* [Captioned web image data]
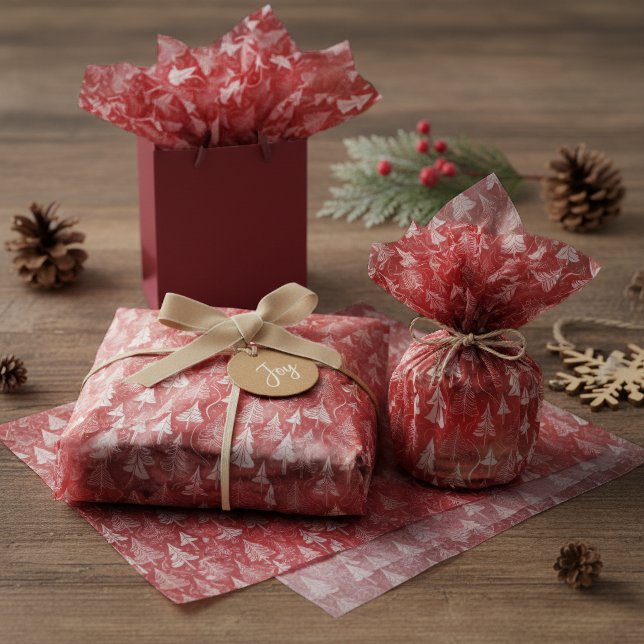 Roter Weihnachtsmuster #6 ID1009 Seidenpapier (Von Creator hochgeladen)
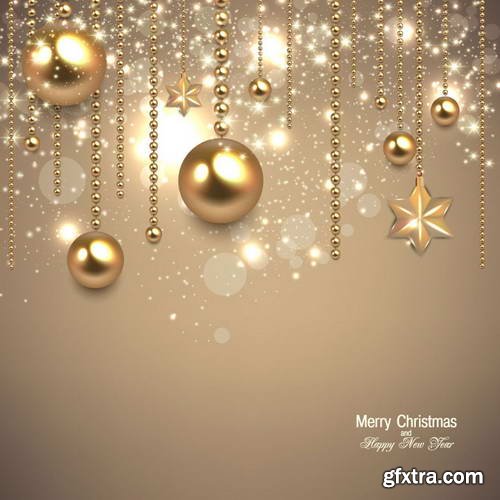 Elegant Christmas Holiday Background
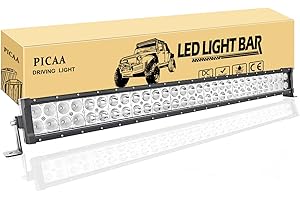 PICAA Led Lichtleiste Led Arbeitsscheinwerfer 32 Zoll 79CM 180W Led Lichtbalken 12V Led Zusatzscheinwerfer Bar LED Arbeit Licht Bar für SUV Offroad ATV UTV Traktor 4x4 Auto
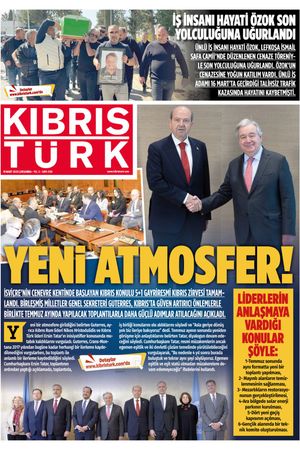KIBRIS TÜRK GAZETE 939. SAYI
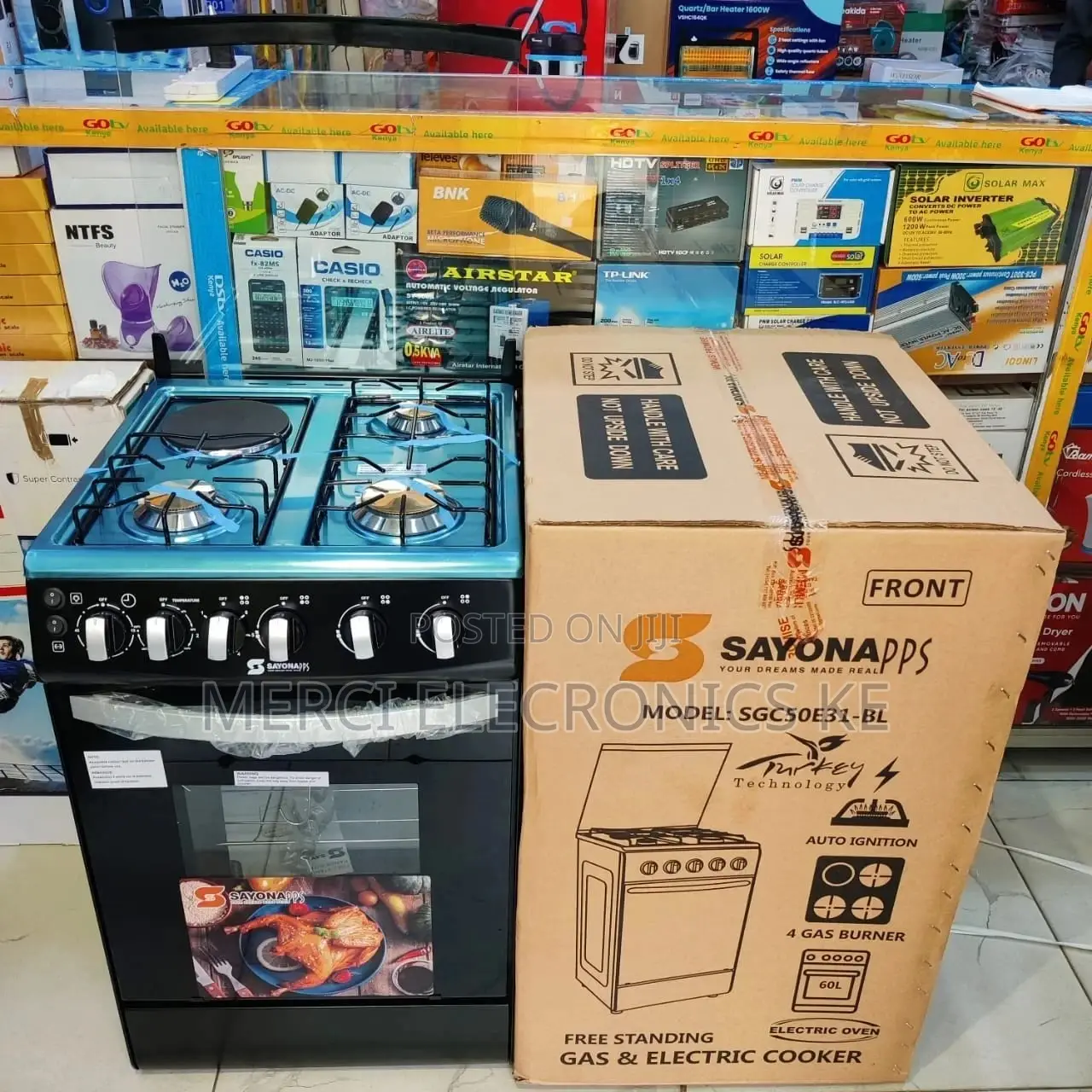 Sayona Standing Gas/Electric Cooker Sgc60e31-Cb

* [What you are asked to do] Leave out the pictures, and retype exactly the lines from the one containing "KIBRIS TÜRK GAZETE 939. SAYI" through the last line of the data above, no more and no less.

* [Task solution]
KIBRIS TÜRK GAZETE 939. SAYI
 Sayona Standing Gas/Electric Cooker Sgc60e31-Cb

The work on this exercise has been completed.